Bunuel
A study separated all of the Saradian firms in a certain industry into two groups. The first group consisted of firms that have the largest proportion of clients outside of Saradia, and the second consists of those with the smallest proportion of such clients. The first group showed a much larger increase in sales over the five-year span in which in the firms were studied. The effect was attributed to the weakness of the Sarade, the currency of Saradia.
Which of the following, if true, would best help explain how the weakness of the Sarade might result in the observed effect?
(A) Each year in the five-year span, the Sarade got weaker relative to the Euro.
(B) When a country's currency is weak, goods sold by firms in that country are relatively inexpensive to customers who reside in countries with stronger currencies.
(C) The weakness of the Sarade caused Saradia's national bank to raise interest rates, making it more expensive for Saradian firms to raise money to fund expansion.
(D) The Sarade is the main currency of the region, so fluctuations in exchange rates affect several neighboring countries in addition to Saradia.

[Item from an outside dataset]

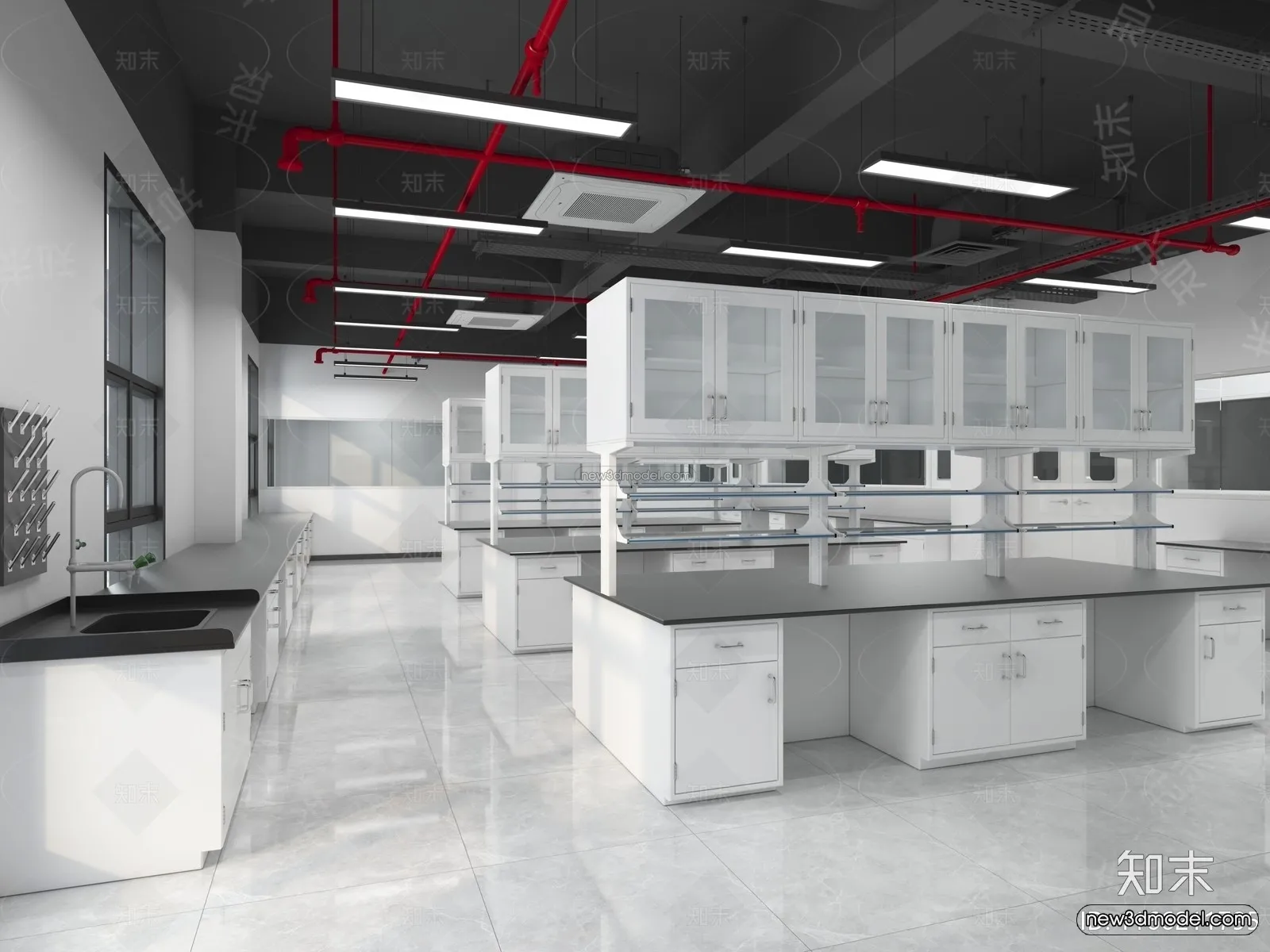 Interior 3D Model of Laboratory - 3D Scene - 114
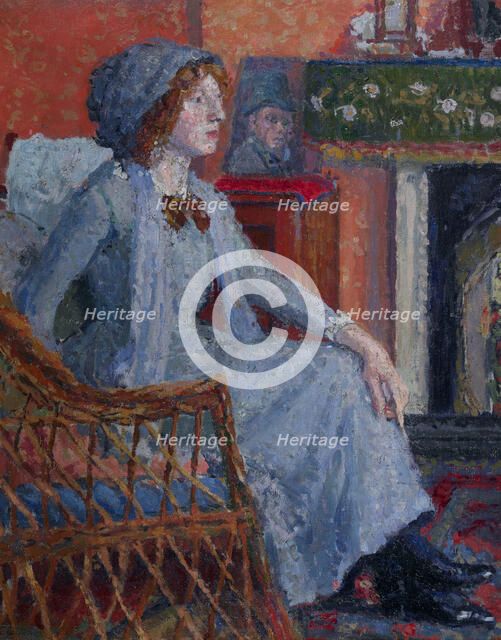 The artist's wife, Mornington Crescent, 1911. Creator: Spencer Gore.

(E) The firms involved in the study were not notified that the study was taking place until after the five-year span was complete.
OFFICIAL EXPLANATION
B
This explanation question doesn't have an obvious discrepancy in the passage (as many do), so it's important to focus on what needs to be differentiated. The weakness of the currency must have a positive effect on firms with more clients outside of Saradia and a different effect on those with fewer.
Choice (A) is irrelevant, and while we're at it, (D) is too. We're concerned only with how the currency affects companies inside Saradia, and neither choice provides any information why that might be so. Choice (B) is much better. We know the Sarade is weak, so this choice is pertinent; it further explains that goods sold by Saradian firms would be inexpensive (i.e., more desirable) to buyers in countries with stronger currencies. That explains why the difference is between companies that do more and less business outside of Saradia.
Choice (C) explains an effect of the currency weakness, but not one that would affect some Saradian firms but not others. Choice (E) doesn't explain anything, except for eliminating the possibility that firms were somehow making decisions because of their inclusion in the study. Choice (B) is correct.